The German member of the S&D group, who is also in charge of drafting Parliament’s position on the Transatlantic Trade and Investment Partnership (TTIP), managed to answer more than 60 questions on trade agreements such as TTIP.
Many questions were about the EU-US trade agreement TTIP, which is currently being negotiated. Some people asked if it was worth continuing the talks as many people were opposed to the deal. Lange said: “Let’s fight for a people’s TTIP and make a decision based on a final text.”
People also questioned how trade agreements were being negotiated and asked how more transparency could be achieved. Lange answered: “There has to be a certain degree of confidentiality in any negotiation. But there is unprecedented transparency in these talks, thanks to our pressure and that of civil society.” He also added: “The negotiating directives (the mandate) are decided by a unanimous Council decision. The Parliament monitors and influences negotiations. We are in close contact with the [European] Commission, member states and other stakeholders. At the end of negotiations, it’s up to the elected representatives to approve or reject any agreement.”There were also concerns that trade agreements could lead to job losses in Europe. Some asked if there was an EU plan to tackle possible job losses. “There are good agreements and bad agreements,” said Lange, “and there are always two sides to a negotiation. Partner countries must engage as well.” He added: “No trade deal will lower our European labour standards. In addition, we are fighting for strong and enforceable labour chapters in all of our agreements.”
Lange also discussed the benefits of trade agreements, saying they were not only about lowering tariffs but also about addressing “standards and rules, and we want to set the bar high”. He added: “A good agreement could help SMEs do business easier (…), set global rules and standards – I’m thinking of labour standards, data protection and gender equality.” Referring to TTIP, he said: “Public services are excluded from the agreement.”
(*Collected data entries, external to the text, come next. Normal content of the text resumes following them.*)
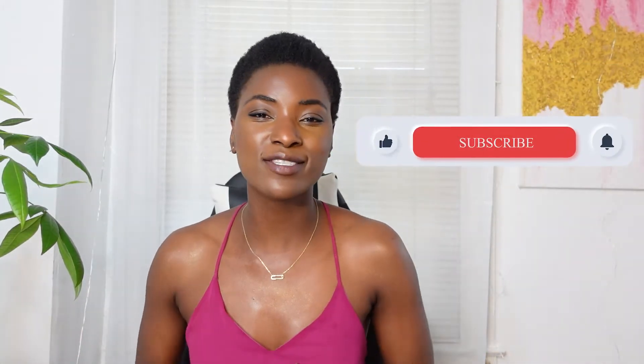Hey lovers, welcome back to Love for Things. I'm your host Nahomi. If you're new to this channel, please don't forget to click the subscribe button and ring the bell so you don't miss a thing.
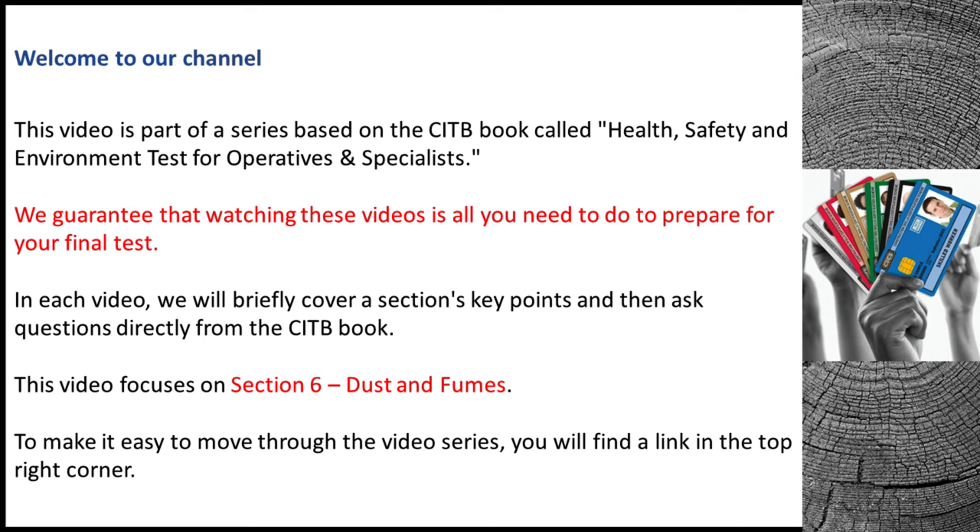Welcome to our channel. This video is part of a series based on the CITB book called Health, Safety and Environment Test for Operatives and Specialists. We guarantee that watching these videos is all you need to do to prepare for your final test.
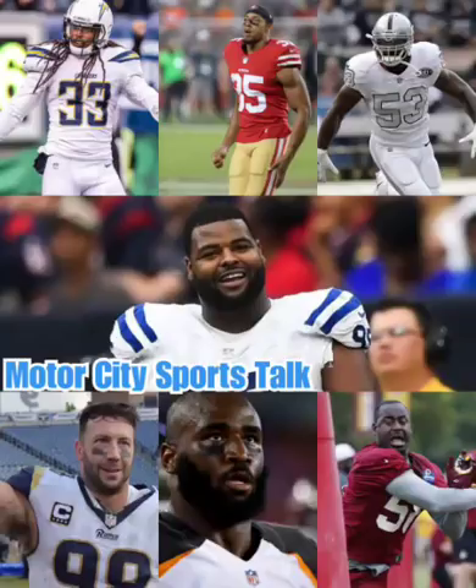What's good? We're back, Motor City Sports Talk. It's your boy CJ Goodfellow. We're back in the building, talking about available defensive free agents that can help the Detroit Lions who are still available. Last time I checked was just before I did the video.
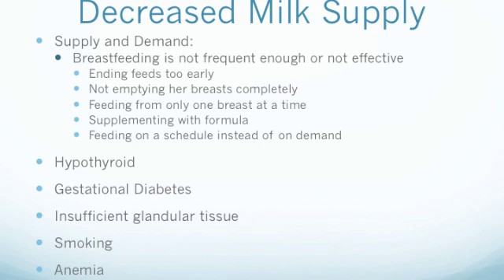The most influential factor for maternal milk supply is supply and demand, meaning the amount of milk the mother produces is dependent on how frequently she is feeding her infant and how effective each feed is. If the mother is ending feeds too early, not emptying her breast completely during feeds, feeding from only one breast at a time, supplementing the infant with formula or using pacifiers, or feeding on a schedule as opposed to on demand, these factors can all decrease the amount of breast milk she will produce. Mothers who have been diagnosed with hypothyroidism, diabetes, or with insufficient glandular tissue may also be at risk for decreased milk supply.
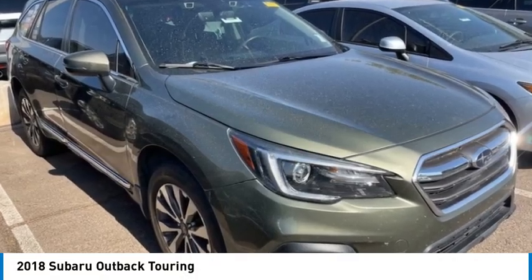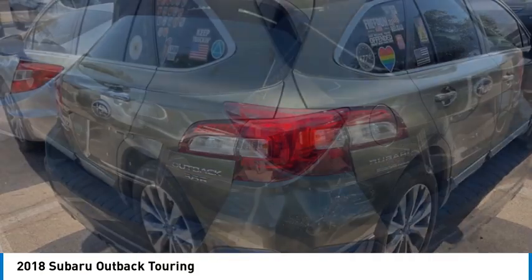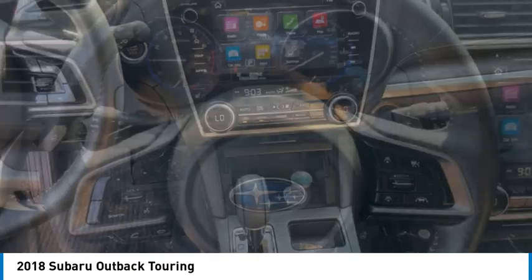Come test drive the 2018 Outback. Take the go-anywhere capability of all-wheel drive and plenty of room for cargo and companions, and you've got the Subaru Outback. Let the adventure begin.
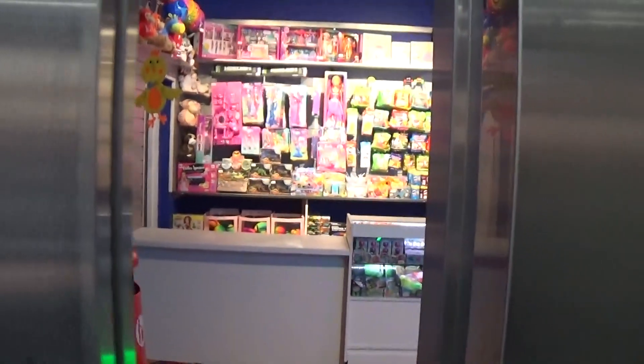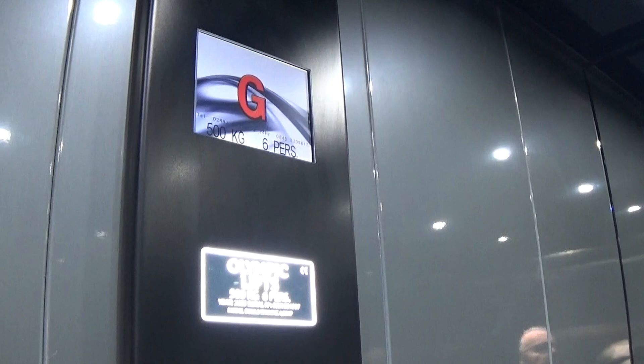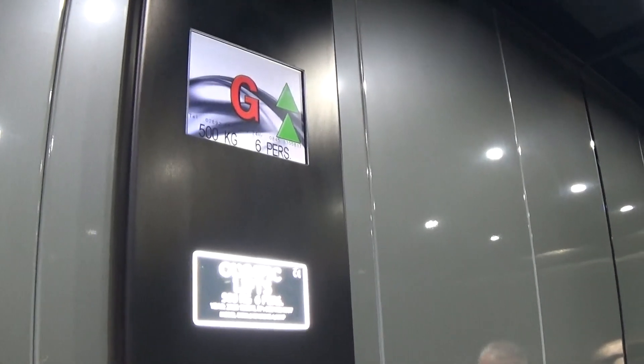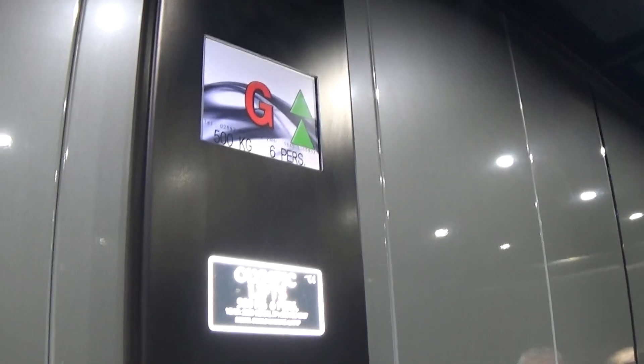Doors closing. Lift going up. Stop looking at the camera, please. Capacity is 500kg, 6 persons, built in 2023 — one year ago.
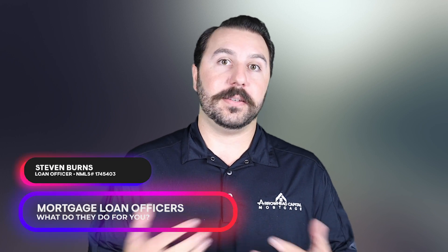What we do as a mortgage loan officer is discuss your options with you when it comes to financing, figure out what programs work best, such as FHA, conventional, VA, so on and so forth. Also what rates you can get.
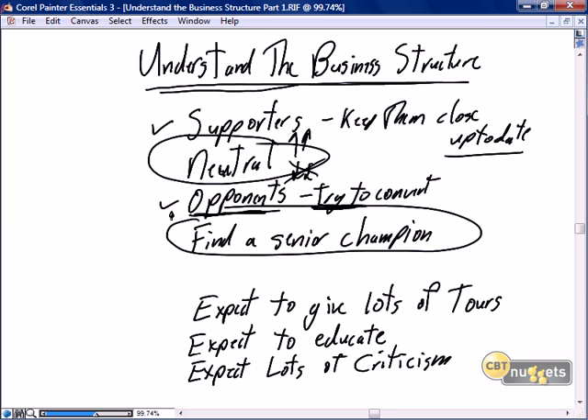I believe a key step is to find a senior champion — find someone in the organization with enough power and authority, whether that's direct organizational power, or simply the wise person in the organization, but find a senior champion who is going to support, endorse, and ensure that the organization moves forward with being Scrum ready.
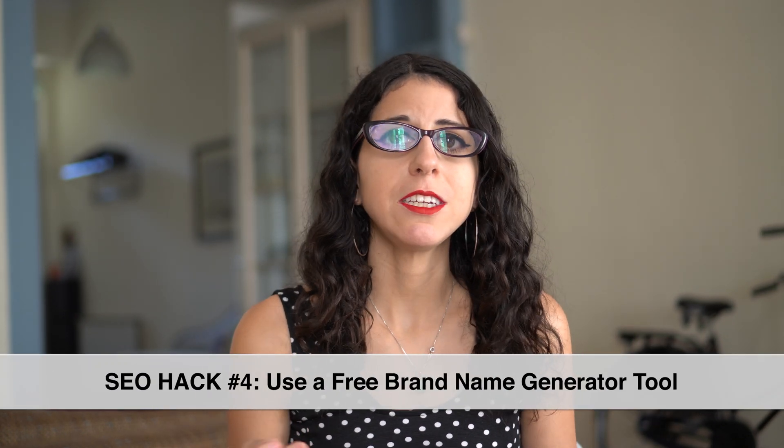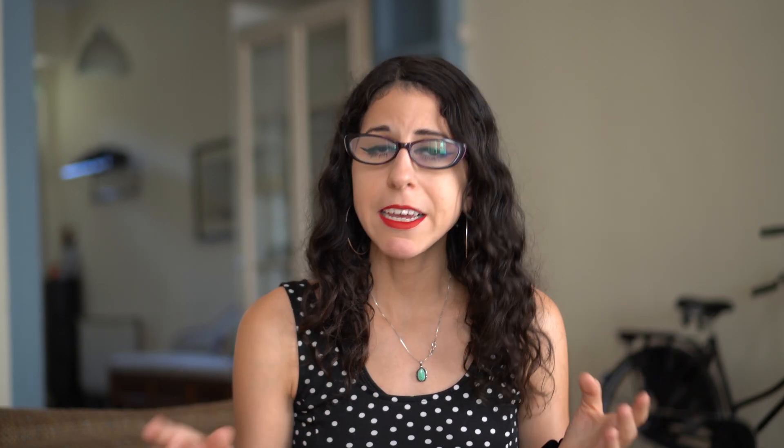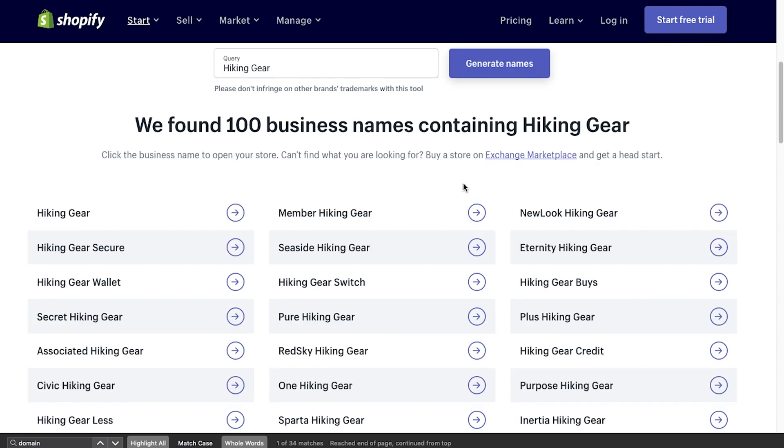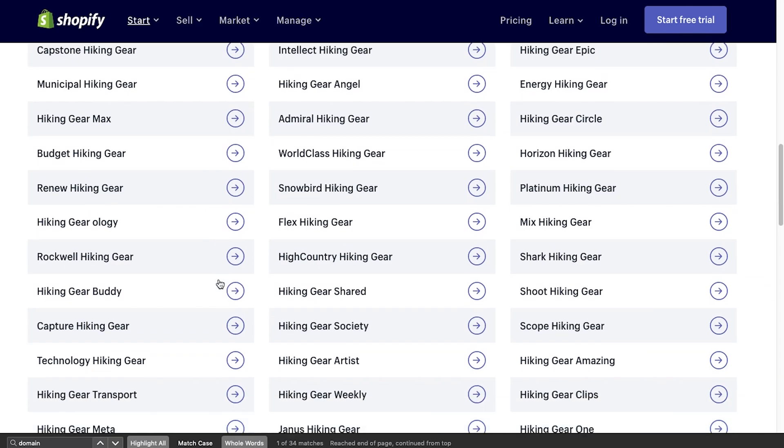The fourth SEO hack for finding a really good brand name is to use a free brand name generator tool. There are a lot of these out there. One of my favorites is Shopify's — they have a brand name generator where you can type in something like 'hiking gear' and see all the domain names that are available, which is great because you don't have to go through the hassle of typing all your ideas into GoDaddy or similar websites. You get a whole list of available domain names with the keywords you want to target, and you can quickly scan through them and find a domain that works for you.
There is a possibility the US could open up its procurement markets to European companies as part of TTIP. Lange said there needed to be clear benefits like this for Europe: “If there is no ambitious deal on the table, there will be no deal.”
Lobbying was another topic that came up. Lange commented: “I meet stakeholders and experts from all backgrounds and sectors: trade unions, industry, consumer organisations… The list is long.”
Someone also asked if trade policies could influence migration. Lange responded: “Preferential trade with our neighbouring countries could improve the living conditions in our partner countries.” He also gave an example of what was being done at the moment: “We are trying to deliver quick and tangible results with Tunisia and Jordan.”